EXERCISE INSTRUCTIONS :: Please write out the entire listing below exactly, excluding its pictures.

[Opening INPUT DATA section]

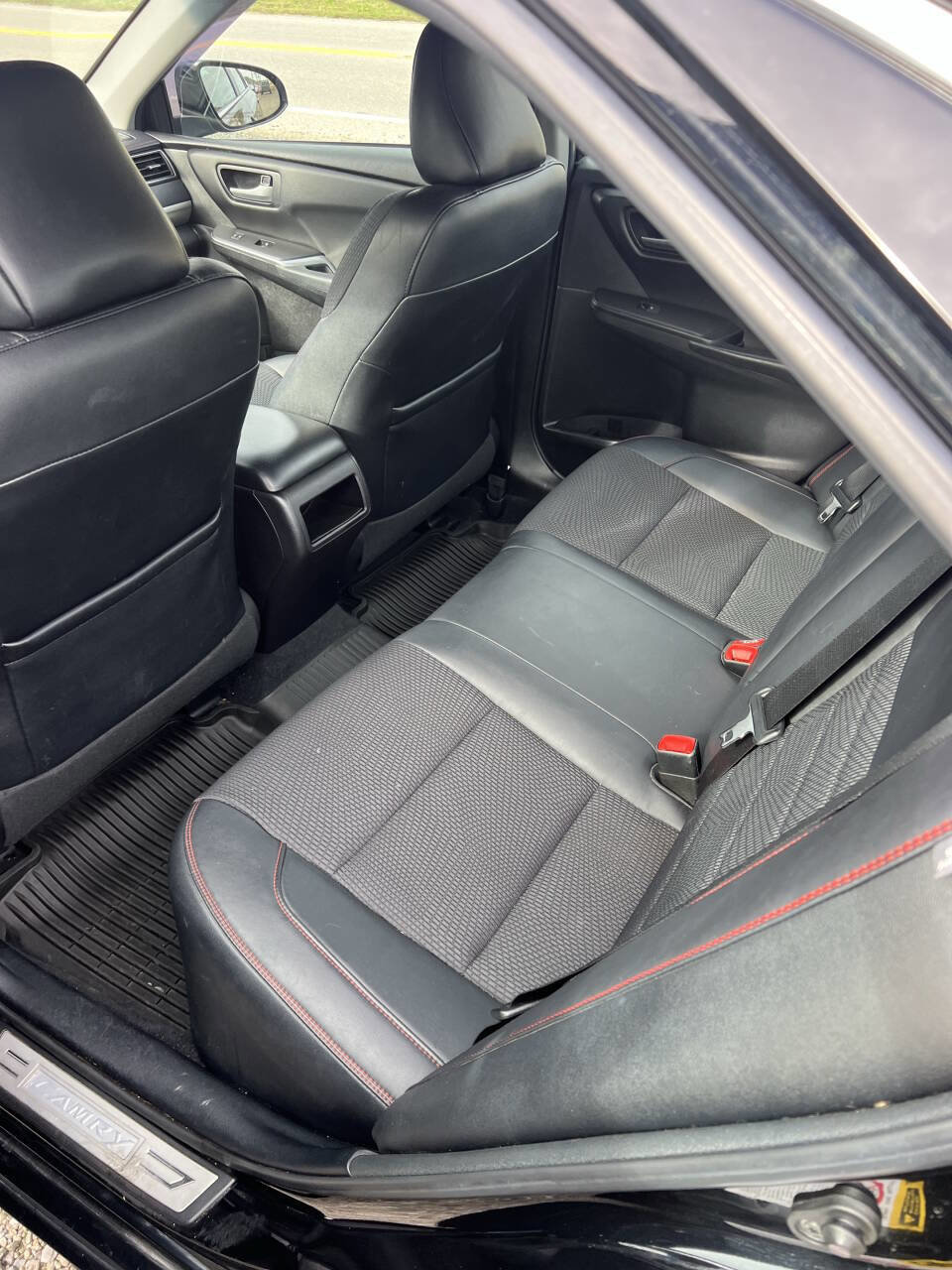 Used 2017 Toyota Camry SE image 7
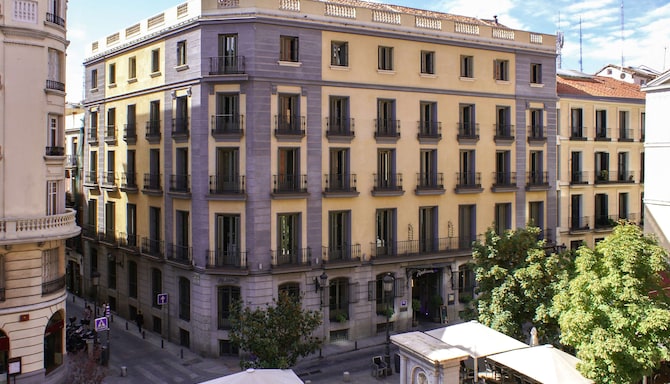 Radisson Blu Boutique Hotel, Madrid Prado - Hotel Exterior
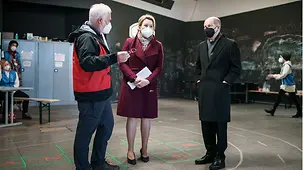 Bundeskanzler Olaf Scholz besucht mit Franziska Giffey, Berlins Regierender Bürgermeisterin, das Ankunftszentrum in Berlin-Tegel.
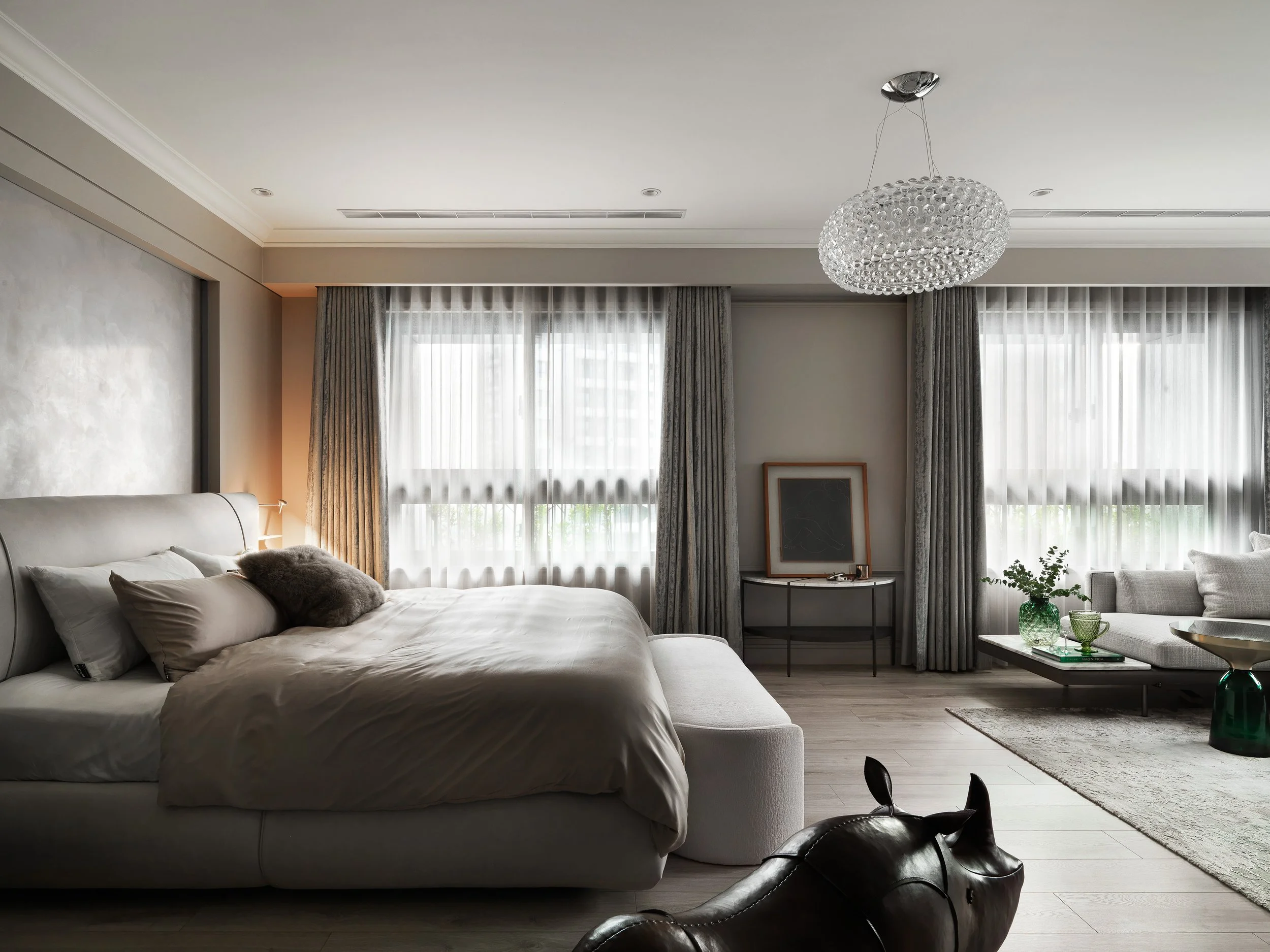 the-collector's-pause-treasure-dragon-bedroom4.jpg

[Closing INPUT DATA section]

EXERCISE RESPONSE ::
 Used 2017 Toyota Camry SE image 7
 Radisson Blu Boutique Hotel, Madrid Prado - Hotel Exterior
 Bundeskanzler Olaf Scholz besucht mit Franziska Giffey, Berlins Regierender Bürgermeisterin, das Ankunftszentrum in Berlin-Tegel.
 the-collector's-pause-treasure-dragon-bedroom4.jpg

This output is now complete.